I thought of the above quote from Mahatma Gandhi. I have always loved it and in fact use it as my ‘behaviour guide’. I determined that to be able to address my actions I needed to first address my beliefs. Did I honestly hold the belief that running a business would not have problems? That staff would never be sick? That every lab job would arrive on time? That every process I implemented would be instantly embraced by all staff? I have been working in dental surgeries for 28 years and these three events happen…ALL THE TIME! So I changed my belief to using Pareto’s 80:20 principle. Things run smoothly 80% of the time, and then 20% of the time, they don’t.

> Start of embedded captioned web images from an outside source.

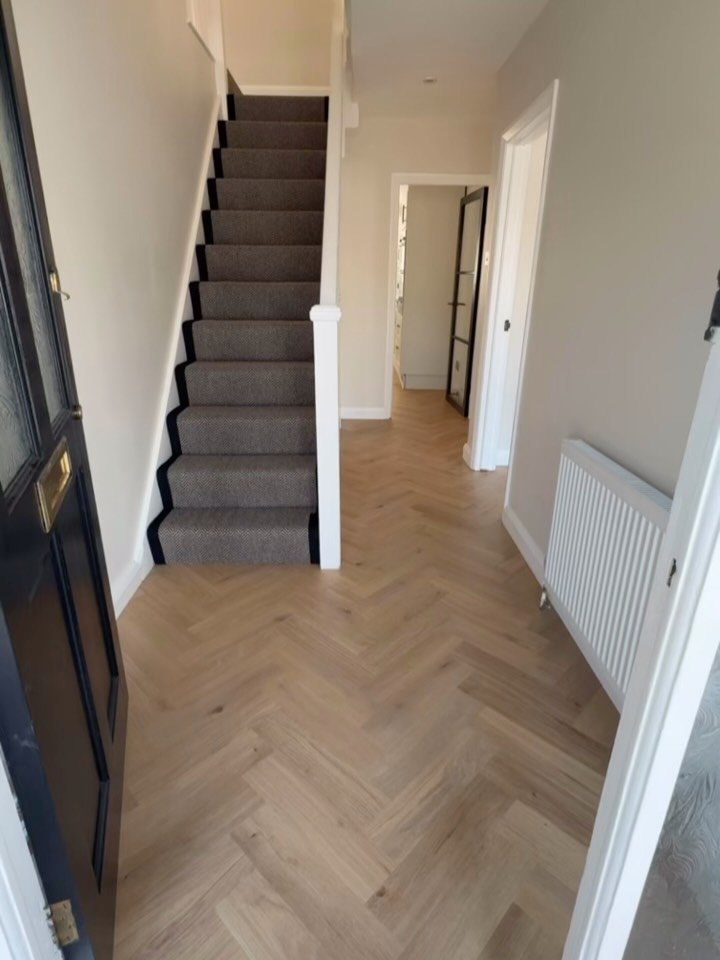 125m2 of plywood, latex, Karndean Van Gogh Herringbone and Wood Plank, and one flight of stairs fully fitted with a black binding tape all completed in 7 days! A complete transformation of this house in Barnehurst ready for our customer to move in! #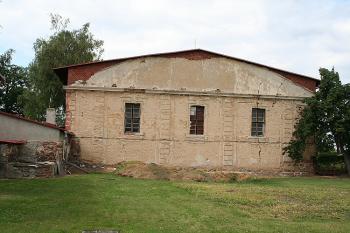 Bývalá jízdárna, dnes sklad ZZN Louny (© Ivan Grisa, 07/2008)
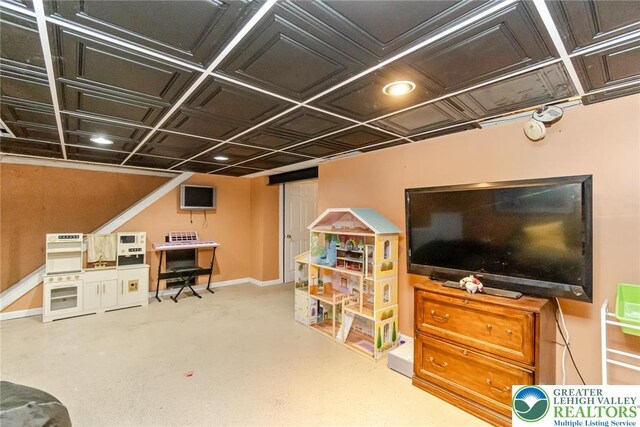 rec room featuring baseboards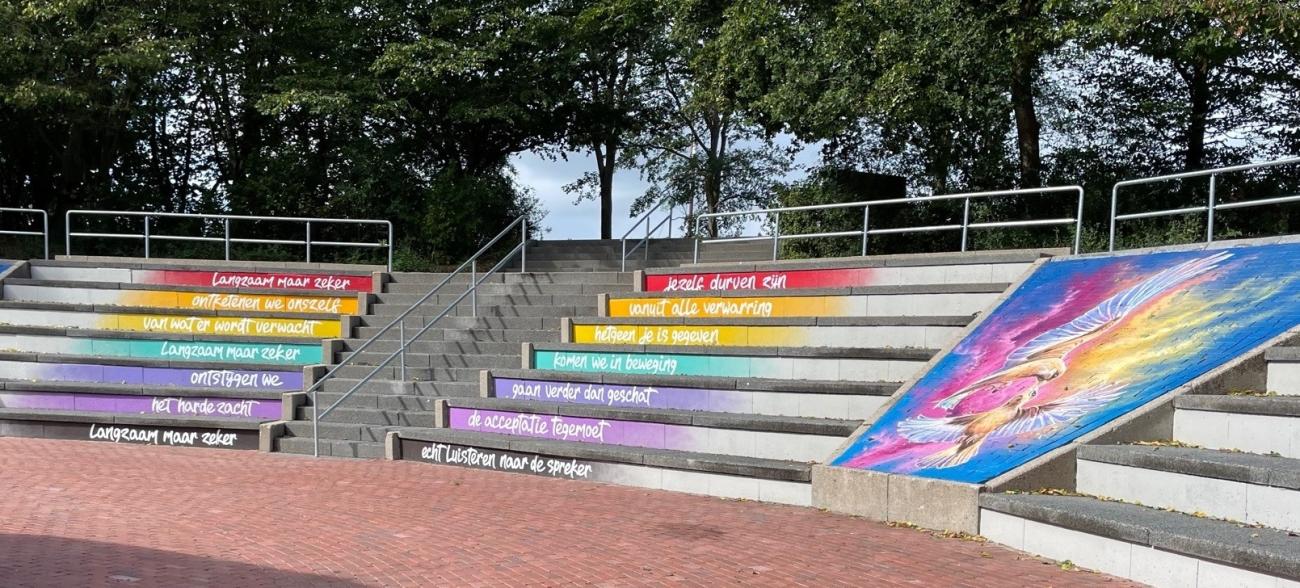 amfitheater met gedicht en graffiti kunstwerk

I embraced this concept.
Then I chose what my reaction to problems was to be.
I know that our problem solving skills are sparked in to action when we feel good and powerful within ourselves, and that creative part of the brain shuts down when we feel low and ineffective. Not just in me, but in every staff member. So making anyone feel bad, or that they had let me down would work AGAINST achieving any resolution. I also wanted to appear in control and to be respectful of those around me. I wanted my team to know that I could be relied upon to be a great leader not just during the cool times, but also when it heats up.
So, I made a commitment to myself that no matter what happened, I would be light-hearted and encouraging. I would not let the urge to ‘blame’ or be passive aggressive be a part of me or the management of the situation (by anybody).
The processes put in place to resolve these issues were the same. My self-management though was different and my team (and I) were happier because of it. The calmer, more effective approach to problem solving is also seen and adopted by others, making a smarter and more resilient team.
So SMILE in the face of these minor disruptions and I promise you will have a happier practice because of it!